My daughter, Theresa, was born when I was 21. I can still feel the joy for this life inside of me, and the hope and promise that this new being brought with her life. Although I was already married, when she first lay upon my chest and our upcoming lives became united, I felt for the very first time what it felt like to truly be in love, unconditionally. I was young; I was not equipped for the stability that family life required. I divorced, and went my own way, taking this fragile life along for my needs. Many turbulent years ensued, and when I was provided the opportunity to settle down into family life again, I felt the same pull for life, but now with an added weight: this time I would do it right. I was older and wiser. And my beautiful daughter, Theresa, carried the weight of my past, which was becoming her burden as well as mine.
I thought that having other children could somehow assuage the guilt of not fitting the role of a good mother. That was my infertility; trying to alleviate my pain with a new family. Any time my need became the burden I placed on another, life seemed to shut off.
Looking back, I can see how most of my relationships have based on need: the necessity to love, to be loved, to have, and to hold. When a need is fulfilled by another; especially a child, it binds us into suffering and misery. The fulfillment of a desire will never set us free. Rising above the need sets us free.
My son Lars, was the alleviation of my infertility, but it wasn’t through his coming, it was through seeing that his expression could not be responsible for the alleviation of my suffering.
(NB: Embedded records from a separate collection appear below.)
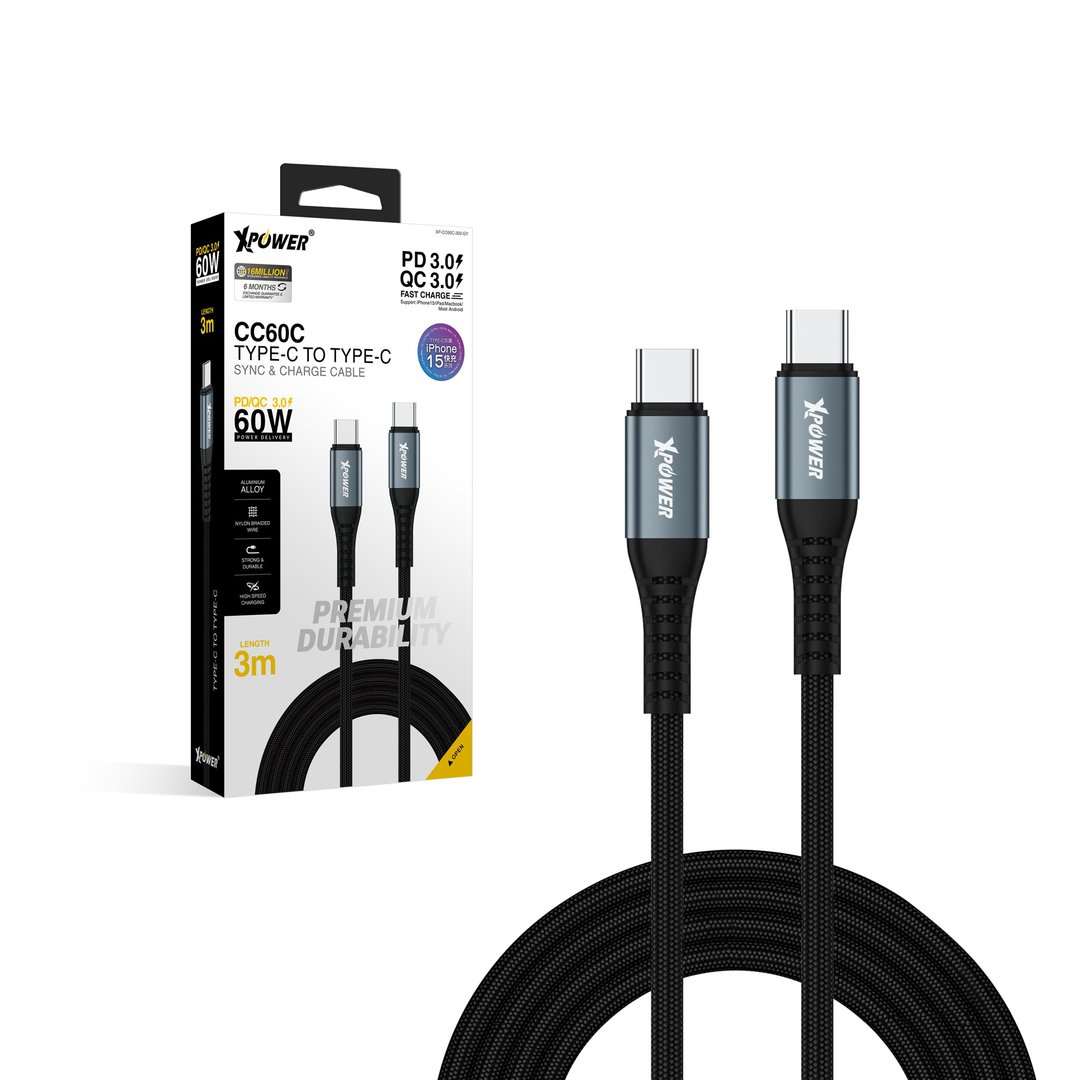 XPower CC60C 3M铝合金60W高速传输充电Type-C TO Type-C线 - 充电宝/传输线 - 其他金属 黑色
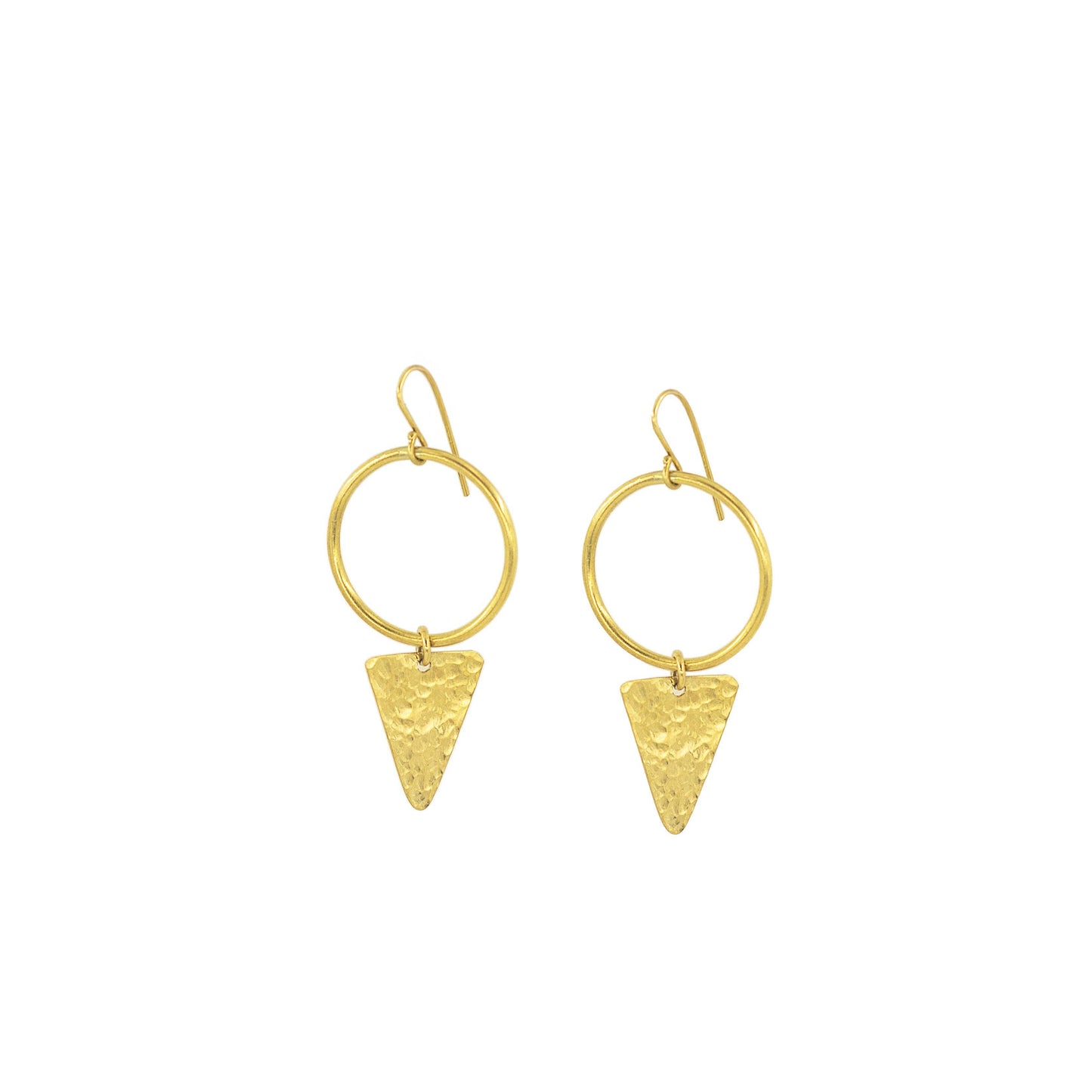 Drop earrings with a polished circle and hammered triangle pendants on a white background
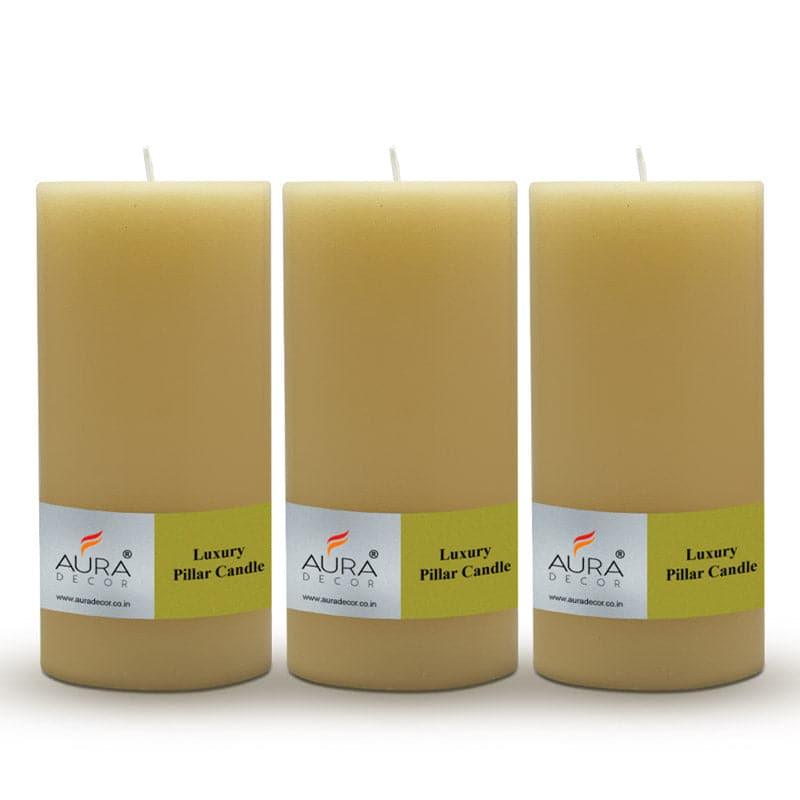 Buy Rence Unscented Tall Pillar Candle (Ivory) - Set Of Three Candles from Vaaree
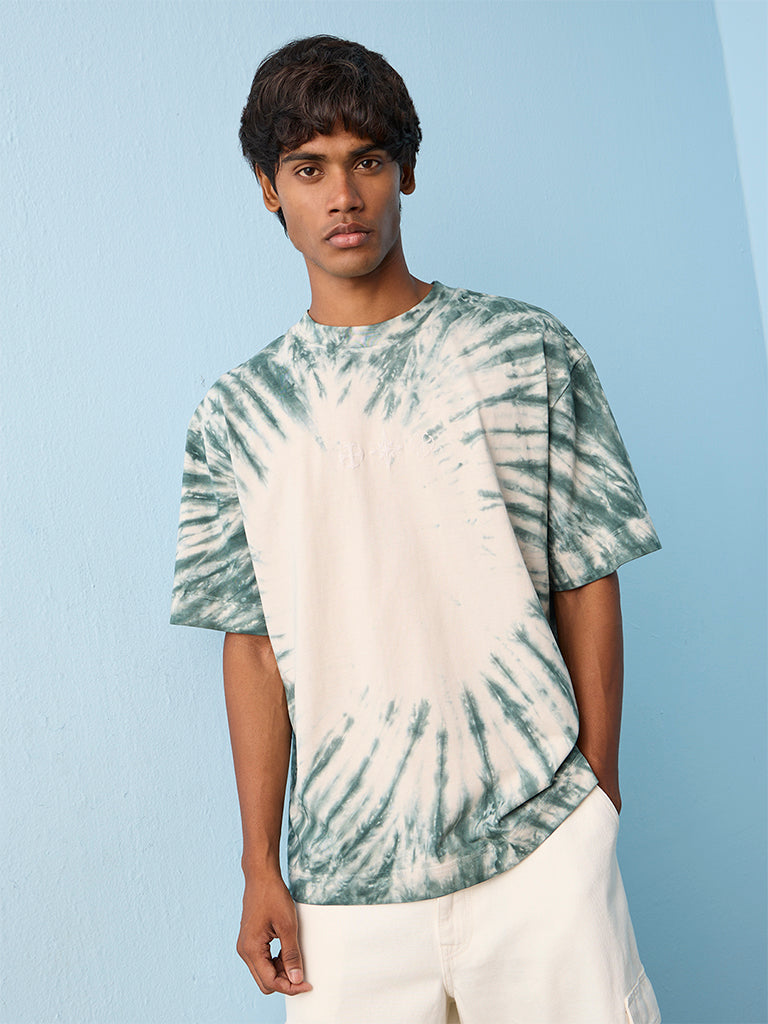 Nuon Green Tie-Dye Printed Relaxed-Fit Cotton T-Shirt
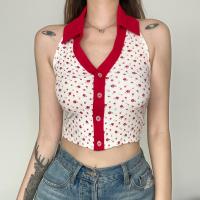 Knitted Slim Tank Top deep V & backless shivering red PC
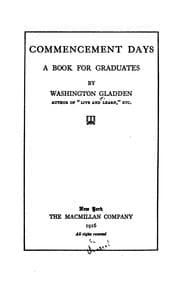Tapa de Commencement Days: A Book for Graduates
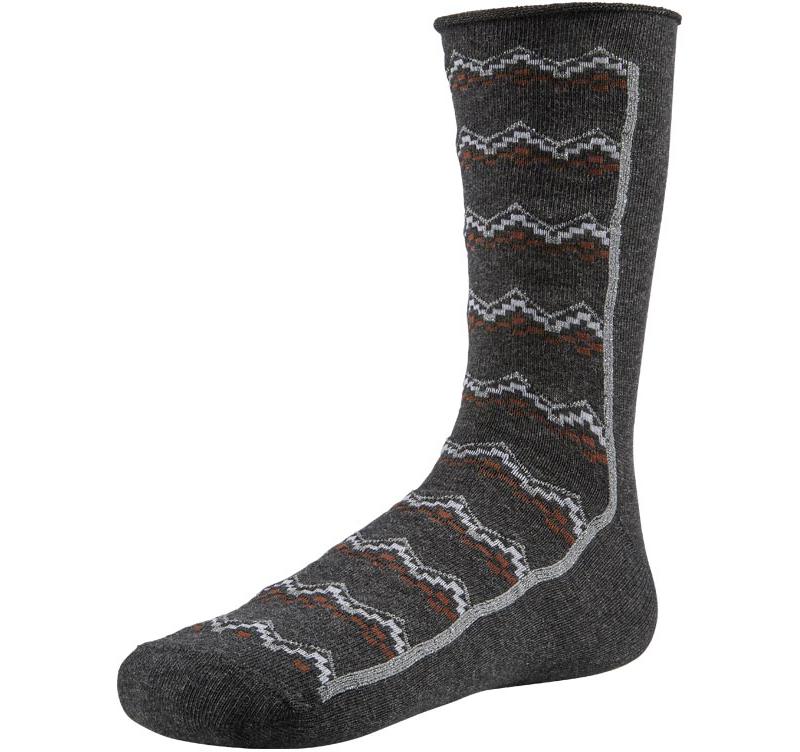 Ysabel Mora - 12662 Zig-Zag Socks - dark grey no cuff socks with rust orange, light grey and silver zig zag stripe pattern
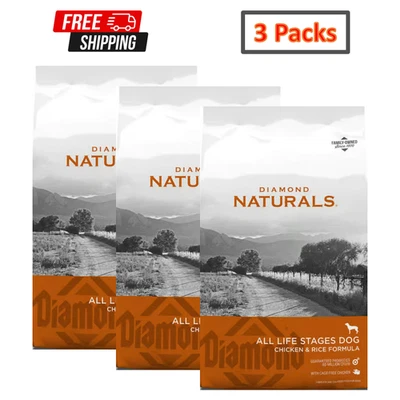 3 Pack,Diamond Naturals All Life Stages Chicken & Rice Formula Dry Dog, 40lb Bag - Image 1 of 4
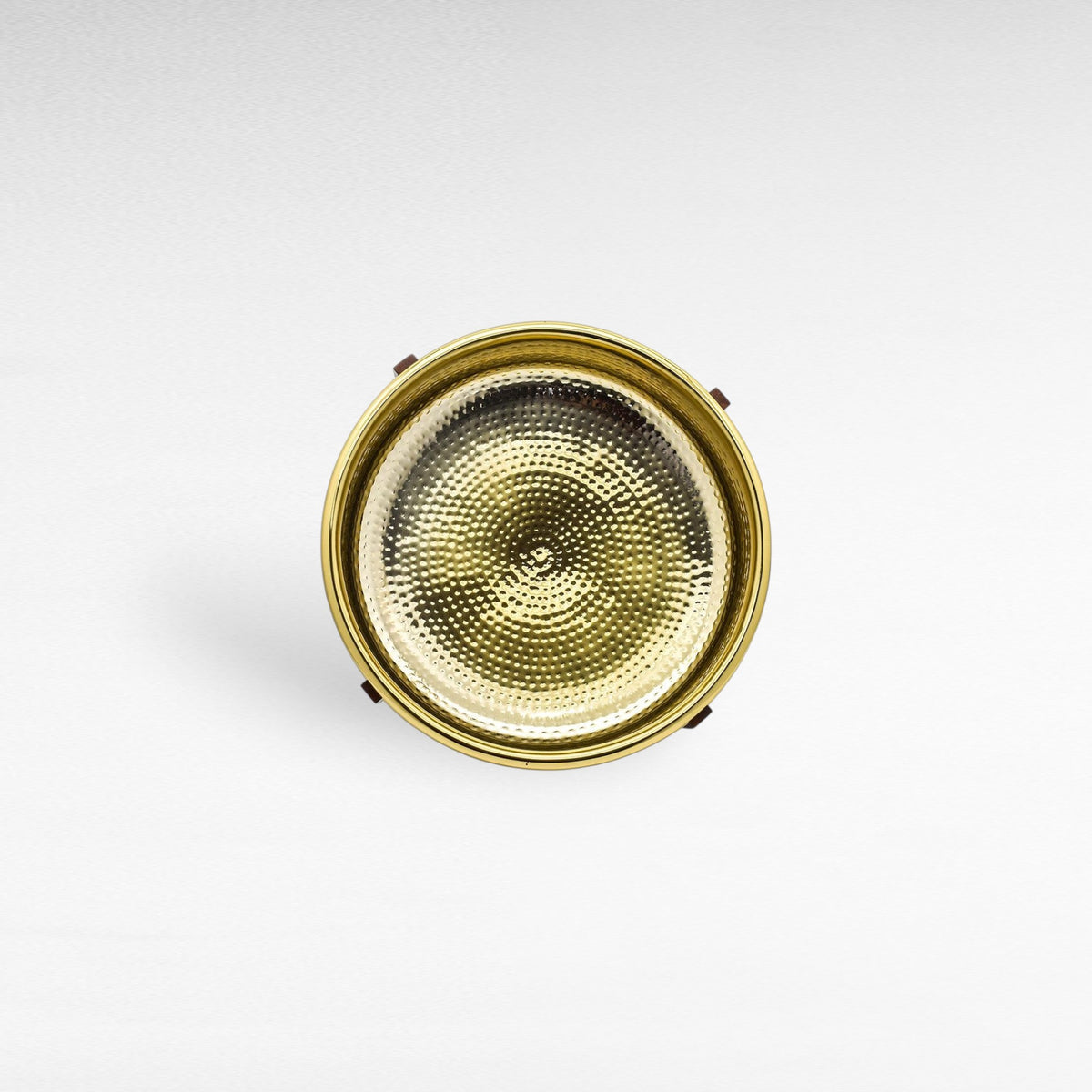STAINLESS STEEL & WOOD GOLD, HAMMERED 45x45x14cm - Chora Mykonos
My needs became my children’s burden, even before they came.
Life is showing me a higher truth today: that it is nobody else’s responsibility to meet my needs for love, security, or anything else. It is my duty to get those needs met myself.
When my need to bring forth a child was to make my life more full and complete, it became their burden. When my need to be a part of a family was to make me feel loved and secure, it bound us all to the lowest expression of need – the fear of its loss.
When the unbounded expression of Life itself operates by its rules, the laws of the universe are at its command. Can you relinquish the need for life to abide by your desires? Can you let the laws of spirit govern you? Can you surrender to the inevitability of life’s plan for you that include the gift of the desires that you carry now? Can you see the possibility that the spirit of existence placed this desire in your heart that you be at its command, rather than the other way around?
How could I possibly be so arrogant to think that I knew how life was supposed to express itself? When I move out of its way, its gifts are unfathomable.